:: What you have to do ::
Exactly the lines from the beginning of the records to the line with "Put the Easter", both ends included, are to be given again, and pictures are to be left out.

:: Entries provided ::

---*---

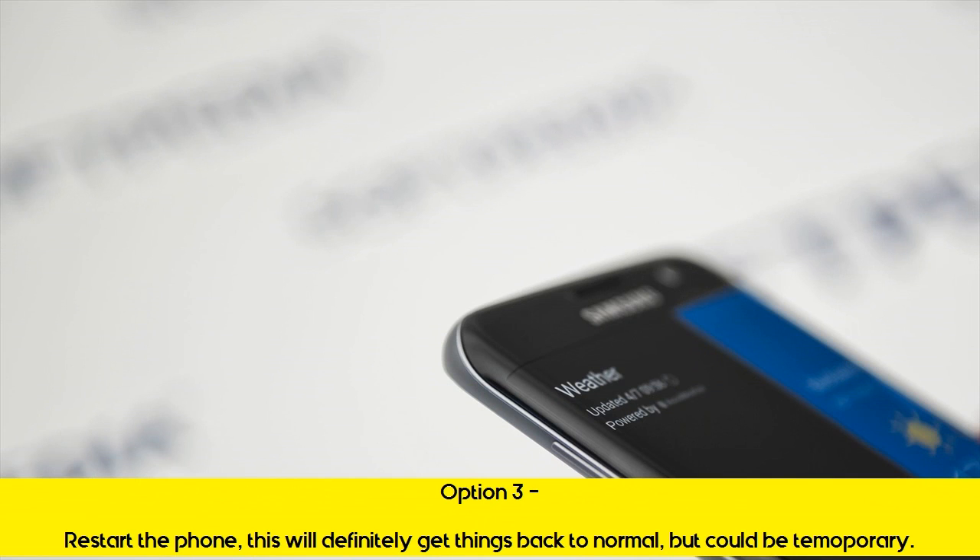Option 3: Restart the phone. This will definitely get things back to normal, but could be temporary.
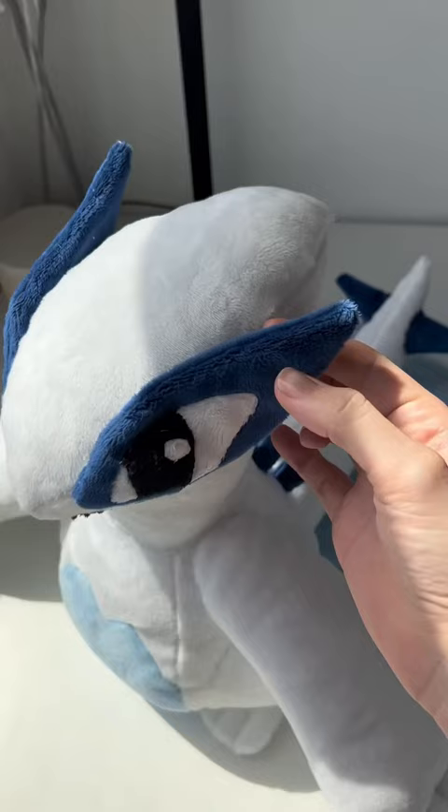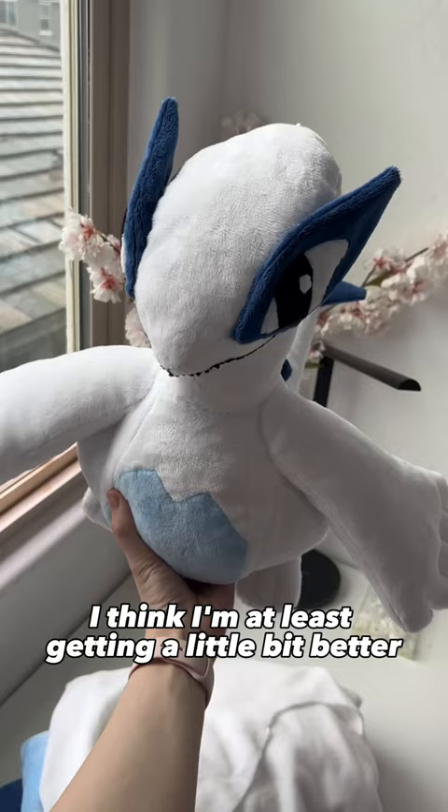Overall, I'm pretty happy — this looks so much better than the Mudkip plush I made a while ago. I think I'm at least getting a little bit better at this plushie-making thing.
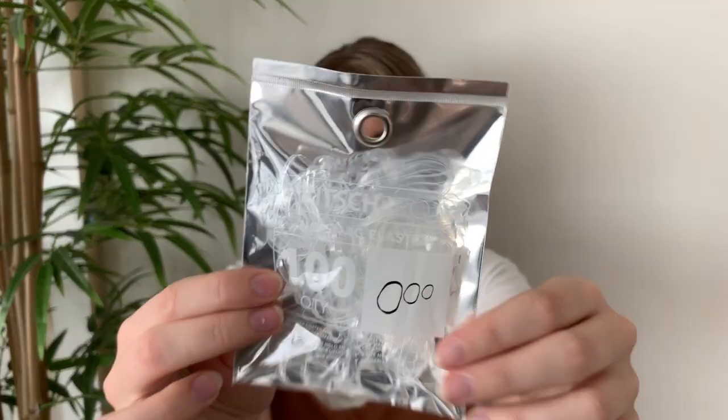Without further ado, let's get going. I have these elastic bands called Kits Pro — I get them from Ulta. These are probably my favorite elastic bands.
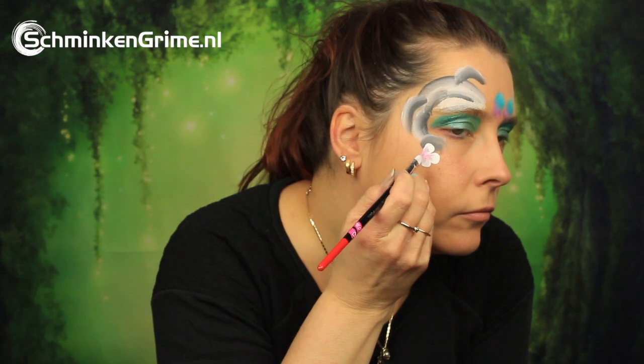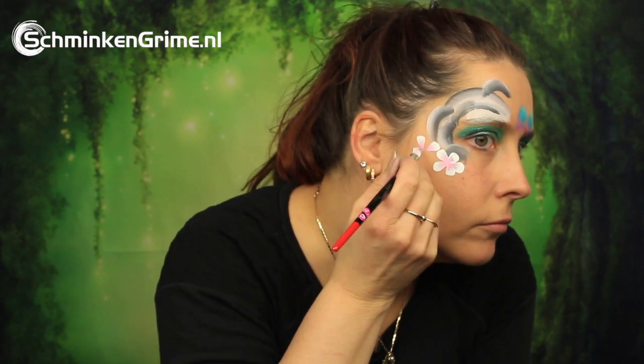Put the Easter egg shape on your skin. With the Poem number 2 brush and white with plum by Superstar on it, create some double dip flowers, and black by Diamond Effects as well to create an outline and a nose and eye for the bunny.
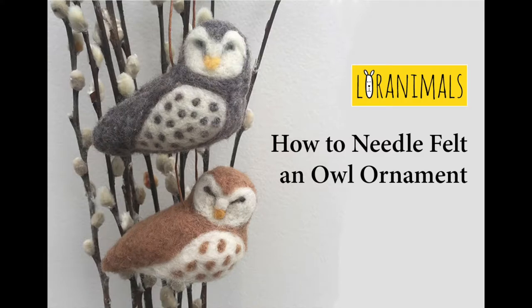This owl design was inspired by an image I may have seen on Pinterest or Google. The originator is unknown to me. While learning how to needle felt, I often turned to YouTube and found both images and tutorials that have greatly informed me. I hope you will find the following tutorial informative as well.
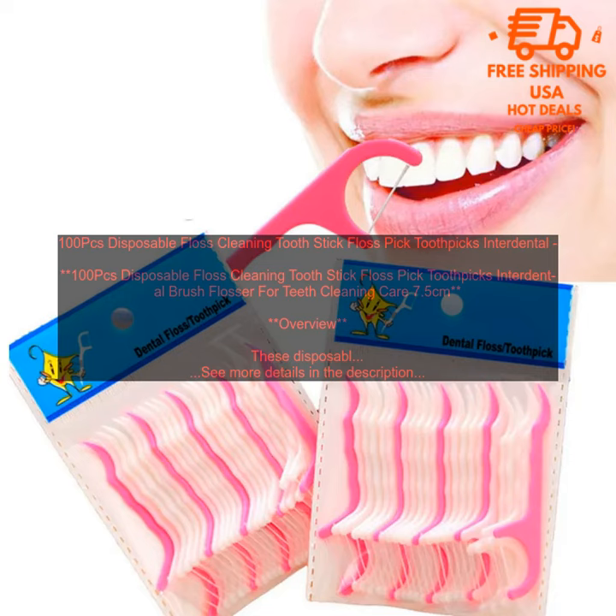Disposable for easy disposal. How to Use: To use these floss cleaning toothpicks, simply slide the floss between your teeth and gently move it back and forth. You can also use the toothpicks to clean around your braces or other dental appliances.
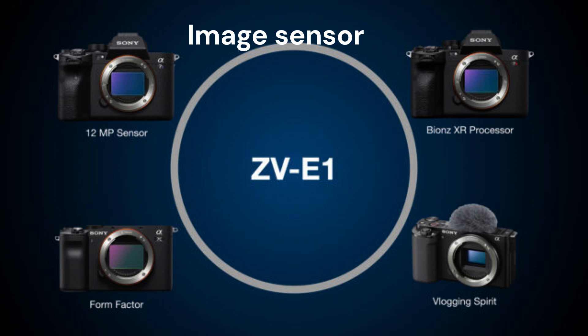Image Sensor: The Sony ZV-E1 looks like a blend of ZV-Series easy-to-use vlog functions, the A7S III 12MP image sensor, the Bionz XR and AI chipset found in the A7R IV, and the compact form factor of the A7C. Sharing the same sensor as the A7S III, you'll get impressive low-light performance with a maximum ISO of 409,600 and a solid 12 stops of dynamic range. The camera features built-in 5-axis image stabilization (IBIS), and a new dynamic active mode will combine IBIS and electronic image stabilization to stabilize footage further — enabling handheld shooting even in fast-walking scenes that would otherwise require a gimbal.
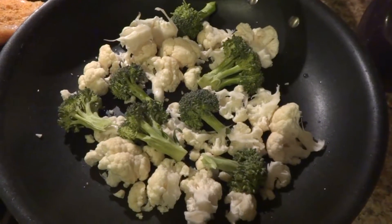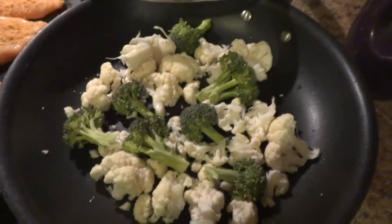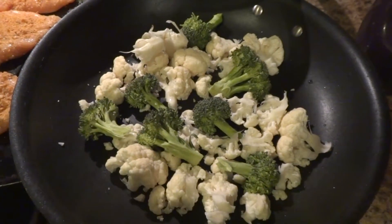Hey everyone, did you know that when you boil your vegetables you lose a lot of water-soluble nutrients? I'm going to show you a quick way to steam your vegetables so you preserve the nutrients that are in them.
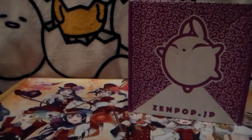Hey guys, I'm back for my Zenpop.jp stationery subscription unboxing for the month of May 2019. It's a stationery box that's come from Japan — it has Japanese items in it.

---*---

:: Answer box ::
Option 3: Restart the phone. This will definitely get things back to normal, but could be temporary.
Overall, I'm pretty happy — this looks so much better than the Mudkip plush I made a while ago. I think I'm at least getting a little bit better at this plushie-making thing.
Without further ado, let's get going. I have these elastic bands called Kits Pro — I get them from Ulta. These are probably my favorite elastic bands.
Put the Easter egg shape on your skin. With the Poem number 2 brush and white with plum by Superstar on it, create some double dip flowers, and black by Diamond Effects as well to create an outline and a nose and eye for the bunny.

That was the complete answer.